The National Farmers’ Union Cymru (NFU Cymru) has come out to “strongly oppose” changes to the Natural Resources Wales’ (NRW) Ammonia Screening Guidance, arguing that the proposals “will have far reaching and damaging consequences for farm businesses”.

NRW’s Ammonia Screening Guidance is aimed at providing guidance to farmers on how the regulator expects assessments of the impact of ammonia emissions from developments that emit ammonia to be carried out for permit and planning applications.

In the NRW consultation that closed earlier this week, the NRW proposed “sweeping new changes” including application of the guidance to all developments emitting ammonia.

Previously the guidance has been applied to intensive farming operations, as well as the requirement to prove “no harm” to ammonia-sensitive species outside designated sites.

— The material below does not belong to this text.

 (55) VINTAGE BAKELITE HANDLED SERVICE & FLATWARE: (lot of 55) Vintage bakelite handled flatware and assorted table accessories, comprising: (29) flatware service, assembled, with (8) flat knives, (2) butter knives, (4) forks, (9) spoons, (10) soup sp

NFU Cymru argued that the proposed changes to the guidance, if implemented, would result in many more developments being brought into the screening process with requirements to undertake detailed and costly assessments of the potential impact of ammonia and nitrogen.

The farmer association also highlighted that developments would be blocked where stringent tests of ‘no harm’ cannot be met.

The proposals are likely to have detrimental consequences on farmers wishing to develop, diversify and improve their environmental performance and achieve compliance with regulation in Wales moving forward.

NFU Cymru deputy president Aled Jones commented: “NRW’s proposed approach is likely to put constraints and limitations on farm development, threatening future viability at what is a critical time for the industry.

“We have expressed concern to NRW over their failure to consider the wider economic, environmental, social and cultural impacts of proposals on rural Wales. We are disappointed that NRW has failed to publish the costs and benefits of its proposed approach,” Jones added.

He stressed that the appropriate practice was to consider the impact on business before policies are changed.

Perversely, the proposals, as they stand, will work directly against NRW’s own objectives of improving the environment.

“In effect, the proposed new Ammonia Screening Guidance is likely to place further barriers to new farm infrastructure projects on Welsh farms, including for replacement livestock housing and slurry/manure storage – even where this is required to achieve compliance with regulation,” the NFU Cymru deputy president argued.

He also expressed disappointment that the consultation process, as he said, focused on livestock production, while not taking account of ammonia emissions from elsewhere.